One of my clients is a turnkey wholesaler who does a lot of deals in a few different states. For the past couple of years, he’s held an event in Columbus Ohio called The Deal-Maker Experience. I’ve attended the event the past couple of years to connect with my client, plus a couple of my other clients attend there, plus it’s a great networking opportunity to meet new clients, plus I learn a lot!

This year, I flew into Columbus on Sunday June 14 and enjoyed the afternoon walking around downtown Columbus.

On Monday morning the event started. Actually, the event is divided into two parts: There’s an invitation-only mastermind of about a dozen people who meet Monday and Tuesday. It’s high level stuff and a lot of fun. I attended it and connected with a few of my clients who also attend.

Tuesday was the same deal. We talk about investing, building a business, long-term legacy planning, outsourcing, etc. The people who attend this portion of the event are doing deals all the time so it’s pretty advanced.

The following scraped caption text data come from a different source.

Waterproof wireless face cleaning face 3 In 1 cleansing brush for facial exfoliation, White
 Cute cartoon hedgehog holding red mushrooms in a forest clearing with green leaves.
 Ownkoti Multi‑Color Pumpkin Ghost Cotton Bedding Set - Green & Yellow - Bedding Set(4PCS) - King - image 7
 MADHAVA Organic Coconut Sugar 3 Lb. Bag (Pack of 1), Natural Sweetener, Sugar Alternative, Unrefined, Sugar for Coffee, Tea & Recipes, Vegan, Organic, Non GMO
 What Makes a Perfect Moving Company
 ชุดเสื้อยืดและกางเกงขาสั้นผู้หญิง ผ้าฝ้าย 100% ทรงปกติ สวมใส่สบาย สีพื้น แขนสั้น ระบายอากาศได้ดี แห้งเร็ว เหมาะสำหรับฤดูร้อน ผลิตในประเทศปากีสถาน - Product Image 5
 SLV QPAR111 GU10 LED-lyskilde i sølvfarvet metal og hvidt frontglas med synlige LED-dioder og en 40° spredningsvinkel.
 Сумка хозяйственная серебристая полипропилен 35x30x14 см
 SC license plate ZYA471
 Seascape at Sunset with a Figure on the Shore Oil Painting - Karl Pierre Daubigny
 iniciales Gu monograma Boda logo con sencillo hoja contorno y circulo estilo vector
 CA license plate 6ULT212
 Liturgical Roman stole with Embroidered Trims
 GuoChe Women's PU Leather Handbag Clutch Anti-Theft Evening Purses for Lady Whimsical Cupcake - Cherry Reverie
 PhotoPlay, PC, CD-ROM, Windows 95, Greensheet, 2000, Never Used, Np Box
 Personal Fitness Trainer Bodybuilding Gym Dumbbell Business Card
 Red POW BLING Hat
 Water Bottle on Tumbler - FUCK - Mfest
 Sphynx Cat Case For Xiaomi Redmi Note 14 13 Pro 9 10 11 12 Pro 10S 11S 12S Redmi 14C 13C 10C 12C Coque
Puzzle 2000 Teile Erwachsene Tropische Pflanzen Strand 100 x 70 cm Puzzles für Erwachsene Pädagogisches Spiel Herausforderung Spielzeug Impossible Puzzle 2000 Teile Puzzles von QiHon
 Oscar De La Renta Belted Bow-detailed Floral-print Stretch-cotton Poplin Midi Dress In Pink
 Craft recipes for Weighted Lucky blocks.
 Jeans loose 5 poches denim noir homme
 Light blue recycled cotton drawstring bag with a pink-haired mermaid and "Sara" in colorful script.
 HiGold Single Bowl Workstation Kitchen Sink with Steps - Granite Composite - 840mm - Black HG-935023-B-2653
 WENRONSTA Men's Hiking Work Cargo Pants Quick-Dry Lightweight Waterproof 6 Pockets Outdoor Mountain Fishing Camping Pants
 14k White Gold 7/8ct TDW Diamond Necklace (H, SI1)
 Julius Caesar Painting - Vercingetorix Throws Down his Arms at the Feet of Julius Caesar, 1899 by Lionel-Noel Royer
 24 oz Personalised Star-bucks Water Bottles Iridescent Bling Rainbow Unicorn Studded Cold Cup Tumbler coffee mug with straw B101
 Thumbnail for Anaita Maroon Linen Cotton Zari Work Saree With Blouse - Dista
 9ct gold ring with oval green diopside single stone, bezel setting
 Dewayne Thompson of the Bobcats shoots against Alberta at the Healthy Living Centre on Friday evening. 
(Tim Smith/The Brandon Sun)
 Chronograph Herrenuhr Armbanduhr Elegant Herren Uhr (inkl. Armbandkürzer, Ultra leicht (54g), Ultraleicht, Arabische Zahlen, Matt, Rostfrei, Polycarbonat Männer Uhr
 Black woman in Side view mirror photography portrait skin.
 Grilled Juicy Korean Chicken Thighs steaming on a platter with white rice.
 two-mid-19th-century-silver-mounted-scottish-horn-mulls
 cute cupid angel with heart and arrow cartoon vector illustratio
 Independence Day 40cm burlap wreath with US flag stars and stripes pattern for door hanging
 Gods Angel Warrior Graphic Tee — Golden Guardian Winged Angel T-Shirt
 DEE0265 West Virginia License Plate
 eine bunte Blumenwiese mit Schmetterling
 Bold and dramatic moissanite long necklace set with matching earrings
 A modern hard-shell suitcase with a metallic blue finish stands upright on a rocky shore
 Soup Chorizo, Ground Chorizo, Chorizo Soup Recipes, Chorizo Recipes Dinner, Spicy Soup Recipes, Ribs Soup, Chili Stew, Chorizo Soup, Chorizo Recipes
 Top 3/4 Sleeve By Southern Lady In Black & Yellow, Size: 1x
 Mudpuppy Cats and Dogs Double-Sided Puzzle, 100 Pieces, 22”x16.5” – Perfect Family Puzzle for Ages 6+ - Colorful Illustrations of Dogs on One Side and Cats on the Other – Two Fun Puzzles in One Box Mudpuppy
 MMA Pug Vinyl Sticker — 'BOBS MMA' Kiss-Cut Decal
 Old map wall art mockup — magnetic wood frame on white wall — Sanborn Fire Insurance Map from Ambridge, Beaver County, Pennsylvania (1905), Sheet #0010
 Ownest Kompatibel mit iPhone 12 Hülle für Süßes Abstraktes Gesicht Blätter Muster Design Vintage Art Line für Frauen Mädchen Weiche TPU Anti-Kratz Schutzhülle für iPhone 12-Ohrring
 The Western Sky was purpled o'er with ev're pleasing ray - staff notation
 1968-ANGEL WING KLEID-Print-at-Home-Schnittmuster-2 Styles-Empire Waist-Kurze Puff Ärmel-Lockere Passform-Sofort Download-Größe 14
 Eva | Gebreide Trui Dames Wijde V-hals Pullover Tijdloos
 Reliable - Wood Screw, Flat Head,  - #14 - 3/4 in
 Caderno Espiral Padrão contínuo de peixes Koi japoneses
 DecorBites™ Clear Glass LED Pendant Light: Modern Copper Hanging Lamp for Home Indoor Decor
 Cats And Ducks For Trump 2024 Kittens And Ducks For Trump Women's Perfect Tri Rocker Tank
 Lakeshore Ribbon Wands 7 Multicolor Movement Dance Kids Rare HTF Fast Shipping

Wednesday was mostly downtime and I caught up on some sleep and a bit of work for other clients. Then Wednesday night people started arriving for the larger event. The larger event had about 200 people and it started with a cocktail meeting Wednesday evening.

On Thursday morning the education piece started. Many of the people in this meeting are new to investing — having never invested or having only done a few irregular deals. So this meeting is far more introductory. The host walked people step-by-step through the investing process, from how to build a buyers list to how to find deals.

Friday was much the same: Education, information, step-by-step strategies.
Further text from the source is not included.